Personal information
- Born: January 27, 1985 (age 41) St. Petersburg, Florida, U.S.
- Listed height: 6 ft 3 in (1.91 m)
- Listed weight: 215 lb (98 kg)

Career information
- College: Webber International
- NFL draft: 2007: undrafted

Career history
- Lehigh Valley Outlawz (2008); New Mexico Wildcats (2009); Harrisburg Stampede (2010)*; Tampa Bay Storm (2010)*; Dallas Vigilantes (2010); Iowa Barnstormers (2010)*; Tampa Bay Storm (2011); Toronto Argonauts (2011–2012); Lakeland Raiders (2013); Detroit Thunder (2014)*; Tampa Bay Storm (2014); New Orleans VooDoo (2014–2015);
- * Offseason and/or practice squad member only

Awards and highlights
- First-team All-Bay Valley Conference (2005); AIFA All-Star (2009);

Career CFL statistics
- Comp. / Att.: 0 / 3
- Passing yards: 0
- TD–INT: 0–0
- QB rating: 2.1
- Rushing TD: 1
- Stats at CFL.ca (archived)

Career Arena League statistics
- Comp. / Att.: 60 / 114
- Passing yards: 652
- TD–INT: 10–6
- QB rating: 69.77
- Rushing TD: 2
- Stats at ArenaFan.com

= B. J. Hall =

American football player (born 1985)

B. J. Hall (born January 27, 1985) is an American former professional football quarterback.

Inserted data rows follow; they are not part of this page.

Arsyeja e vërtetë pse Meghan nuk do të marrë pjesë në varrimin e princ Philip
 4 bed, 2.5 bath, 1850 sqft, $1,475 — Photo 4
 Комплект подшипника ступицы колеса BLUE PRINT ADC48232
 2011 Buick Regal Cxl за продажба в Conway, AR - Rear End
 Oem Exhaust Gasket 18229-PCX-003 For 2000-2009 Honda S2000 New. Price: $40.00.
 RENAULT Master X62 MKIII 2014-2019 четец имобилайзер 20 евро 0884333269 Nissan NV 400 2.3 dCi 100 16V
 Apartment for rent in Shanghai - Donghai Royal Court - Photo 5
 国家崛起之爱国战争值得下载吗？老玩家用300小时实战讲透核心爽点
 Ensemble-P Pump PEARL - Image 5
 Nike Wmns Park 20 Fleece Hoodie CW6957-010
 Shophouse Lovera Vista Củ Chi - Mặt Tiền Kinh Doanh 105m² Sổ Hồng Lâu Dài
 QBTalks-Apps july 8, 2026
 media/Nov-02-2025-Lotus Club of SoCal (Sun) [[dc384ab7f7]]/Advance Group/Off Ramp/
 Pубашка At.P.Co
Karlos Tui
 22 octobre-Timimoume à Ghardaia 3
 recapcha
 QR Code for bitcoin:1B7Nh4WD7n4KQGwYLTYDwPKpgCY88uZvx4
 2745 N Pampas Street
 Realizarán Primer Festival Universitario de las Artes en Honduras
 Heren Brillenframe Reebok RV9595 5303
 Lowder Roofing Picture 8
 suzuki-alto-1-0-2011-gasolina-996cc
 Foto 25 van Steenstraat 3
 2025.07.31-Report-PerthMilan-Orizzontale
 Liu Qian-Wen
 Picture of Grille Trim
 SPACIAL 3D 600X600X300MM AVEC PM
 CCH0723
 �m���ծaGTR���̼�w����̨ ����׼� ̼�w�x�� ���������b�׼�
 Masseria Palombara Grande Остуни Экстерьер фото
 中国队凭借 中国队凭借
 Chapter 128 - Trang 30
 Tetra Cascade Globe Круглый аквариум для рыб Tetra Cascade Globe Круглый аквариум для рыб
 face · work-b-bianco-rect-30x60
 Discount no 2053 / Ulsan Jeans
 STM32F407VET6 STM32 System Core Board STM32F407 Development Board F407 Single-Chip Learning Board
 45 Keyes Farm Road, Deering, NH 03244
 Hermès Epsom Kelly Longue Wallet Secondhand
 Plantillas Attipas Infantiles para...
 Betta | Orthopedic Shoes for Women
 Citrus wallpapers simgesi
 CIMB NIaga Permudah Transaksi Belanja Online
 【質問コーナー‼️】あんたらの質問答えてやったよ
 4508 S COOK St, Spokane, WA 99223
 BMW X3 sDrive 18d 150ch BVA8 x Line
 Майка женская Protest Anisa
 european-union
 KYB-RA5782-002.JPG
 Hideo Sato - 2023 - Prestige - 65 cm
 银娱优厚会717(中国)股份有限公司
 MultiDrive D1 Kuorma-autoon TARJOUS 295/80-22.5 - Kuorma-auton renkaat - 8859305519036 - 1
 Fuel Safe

Hall played college football at Webber International University.

==College career==
Hall began his college career at Troy State University before transferring to Solano Community College. Upon graduation from Solano, Hall transferred to Webber International University, where he played the 2006 season with the Warriors.

==Professional career==
Hall has played for multiple teams throughout his career, including the Lehigh Valley Outlawz, New Mexico Wildcats, Dallas Vigilantes, Tampa Bay Storm, Toronto Argonauts, and Lakeland Raiders. On April 24, 2014, Hall rejoined the Storm. Hall was reassigned by the Storm on May 23, 2014, and was assigned to the New Orleans VooDoo on May 28, 2014.